WORK TASK: Transcribe word for word the lines below from the line with "Charming Upstairs Apt Irmo 3BR - Image 1" through the line with "Snapshot of ashley_blair", ends included.

Stored data
#####
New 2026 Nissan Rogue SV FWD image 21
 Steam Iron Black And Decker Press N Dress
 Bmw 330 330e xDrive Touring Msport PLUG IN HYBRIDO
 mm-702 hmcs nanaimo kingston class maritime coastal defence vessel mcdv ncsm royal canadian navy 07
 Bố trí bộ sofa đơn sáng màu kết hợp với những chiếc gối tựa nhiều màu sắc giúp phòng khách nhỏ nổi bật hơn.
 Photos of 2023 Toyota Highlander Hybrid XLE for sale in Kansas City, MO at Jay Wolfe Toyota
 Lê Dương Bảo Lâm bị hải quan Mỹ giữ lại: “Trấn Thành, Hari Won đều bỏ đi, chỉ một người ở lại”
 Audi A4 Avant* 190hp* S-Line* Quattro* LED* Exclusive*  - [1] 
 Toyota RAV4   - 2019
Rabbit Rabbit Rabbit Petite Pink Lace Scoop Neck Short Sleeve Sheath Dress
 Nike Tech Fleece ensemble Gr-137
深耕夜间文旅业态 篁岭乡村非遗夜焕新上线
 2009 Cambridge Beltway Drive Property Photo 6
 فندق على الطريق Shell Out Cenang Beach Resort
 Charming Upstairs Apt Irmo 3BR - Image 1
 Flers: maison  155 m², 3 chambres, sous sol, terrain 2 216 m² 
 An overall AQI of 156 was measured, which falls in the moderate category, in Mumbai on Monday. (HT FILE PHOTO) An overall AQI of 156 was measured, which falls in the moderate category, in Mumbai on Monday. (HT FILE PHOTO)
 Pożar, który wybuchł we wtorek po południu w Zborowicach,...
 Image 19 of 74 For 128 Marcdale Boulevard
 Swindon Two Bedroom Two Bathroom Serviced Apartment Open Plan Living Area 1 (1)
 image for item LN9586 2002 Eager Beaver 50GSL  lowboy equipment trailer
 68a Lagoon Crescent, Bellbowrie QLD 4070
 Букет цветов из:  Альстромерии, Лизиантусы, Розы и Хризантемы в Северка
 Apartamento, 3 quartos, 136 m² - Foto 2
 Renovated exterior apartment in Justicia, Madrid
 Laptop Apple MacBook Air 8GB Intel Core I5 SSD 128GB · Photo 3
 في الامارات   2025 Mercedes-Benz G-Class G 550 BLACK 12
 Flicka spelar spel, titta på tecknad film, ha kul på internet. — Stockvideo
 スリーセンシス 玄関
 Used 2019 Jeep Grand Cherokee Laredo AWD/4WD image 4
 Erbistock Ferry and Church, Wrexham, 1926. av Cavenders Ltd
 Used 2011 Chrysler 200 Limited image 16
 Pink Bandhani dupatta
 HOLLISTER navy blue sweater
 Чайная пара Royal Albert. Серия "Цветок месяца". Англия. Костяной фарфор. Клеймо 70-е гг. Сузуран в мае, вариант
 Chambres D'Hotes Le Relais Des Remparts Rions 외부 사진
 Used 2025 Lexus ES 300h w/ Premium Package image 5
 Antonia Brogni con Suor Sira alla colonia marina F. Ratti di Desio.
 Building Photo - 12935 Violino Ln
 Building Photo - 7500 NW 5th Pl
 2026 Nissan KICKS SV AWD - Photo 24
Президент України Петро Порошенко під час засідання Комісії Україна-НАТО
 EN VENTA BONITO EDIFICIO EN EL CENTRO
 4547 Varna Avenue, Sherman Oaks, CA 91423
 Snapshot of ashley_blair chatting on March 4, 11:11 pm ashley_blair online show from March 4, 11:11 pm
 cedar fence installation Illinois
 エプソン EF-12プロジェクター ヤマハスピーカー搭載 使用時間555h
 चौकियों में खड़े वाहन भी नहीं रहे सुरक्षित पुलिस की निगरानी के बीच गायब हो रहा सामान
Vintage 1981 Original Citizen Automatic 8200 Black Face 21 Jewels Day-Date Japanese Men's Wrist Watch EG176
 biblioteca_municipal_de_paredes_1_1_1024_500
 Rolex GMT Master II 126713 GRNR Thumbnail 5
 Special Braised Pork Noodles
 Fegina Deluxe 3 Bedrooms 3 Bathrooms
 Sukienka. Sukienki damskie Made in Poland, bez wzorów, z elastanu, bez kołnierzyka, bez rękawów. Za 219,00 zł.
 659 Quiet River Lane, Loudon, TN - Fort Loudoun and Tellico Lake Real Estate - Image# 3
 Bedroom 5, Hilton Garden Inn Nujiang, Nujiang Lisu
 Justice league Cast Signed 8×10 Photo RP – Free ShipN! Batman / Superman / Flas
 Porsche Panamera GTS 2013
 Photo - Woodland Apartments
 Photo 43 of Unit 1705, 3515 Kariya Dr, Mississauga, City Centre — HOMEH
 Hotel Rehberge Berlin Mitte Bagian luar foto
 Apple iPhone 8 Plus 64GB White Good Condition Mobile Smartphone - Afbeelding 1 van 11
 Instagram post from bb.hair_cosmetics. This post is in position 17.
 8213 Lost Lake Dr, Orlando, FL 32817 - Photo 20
#####
YOUR RESPONSE:
 Charming Upstairs Apt Irmo 3BR - Image 1
 Flers: maison  155 m², 3 chambres, sous sol, terrain 2 216 m² 
 An overall AQI of 156 was measured, which falls in the moderate category, in Mumbai on Monday. (HT FILE PHOTO) An overall AQI of 156 was measured, which falls in the moderate category, in Mumbai on Monday. (HT FILE PHOTO)
 Pożar, który wybuchł we wtorek po południu w Zborowicach,...
 Image 19 of 74 For 128 Marcdale Boulevard
 Swindon Two Bedroom Two Bathroom Serviced Apartment Open Plan Living Area 1 (1)
 image for item LN9586 2002 Eager Beaver 50GSL  lowboy equipment trailer
 68a Lagoon Crescent, Bellbowrie QLD 4070
 Букет цветов из:  Альстромерии, Лизиантусы, Розы и Хризантемы в Северка
 Apartamento, 3 quartos, 136 m² - Foto 2
 Renovated exterior apartment in Justicia, Madrid
 Laptop Apple MacBook Air 8GB Intel Core I5 SSD 128GB · Photo 3
 في الامارات   2025 Mercedes-Benz G-Class G 550 BLACK 12
 Flicka spelar spel, titta på tecknad film, ha kul på internet. — Stockvideo
 スリーセンシス 玄関
 Used 2019 Jeep Grand Cherokee Laredo AWD/4WD image 4
 Erbistock Ferry and Church, Wrexham, 1926. av Cavenders Ltd
 Used 2011 Chrysler 200 Limited image 16
 Pink Bandhani dupatta
 HOLLISTER navy blue sweater
 Чайная пара Royal Albert. Серия "Цветок месяца". Англия. Костяной фарфор. Клеймо 70-е гг. Сузуран в мае, вариант
 Chambres D'Hotes Le Relais Des Remparts Rions 외부 사진
 Used 2025 Lexus ES 300h w/ Premium Package image 5
 Antonia Brogni con Suor Sira alla colonia marina F. Ratti di Desio.
 Building Photo - 12935 Violino Ln
 Building Photo - 7500 NW 5th Pl
 2026 Nissan KICKS SV AWD - Photo 24
Президент України Петро Порошенко під час засідання Комісії Україна-НАТО
 EN VENTA BONITO EDIFICIO EN EL CENTRO
 4547 Varna Avenue, Sherman Oaks, CA 91423
 Snapshot of ashley_blair chatting on March 4, 11:11 pm ashley_blair online show from March 4, 11:11 pm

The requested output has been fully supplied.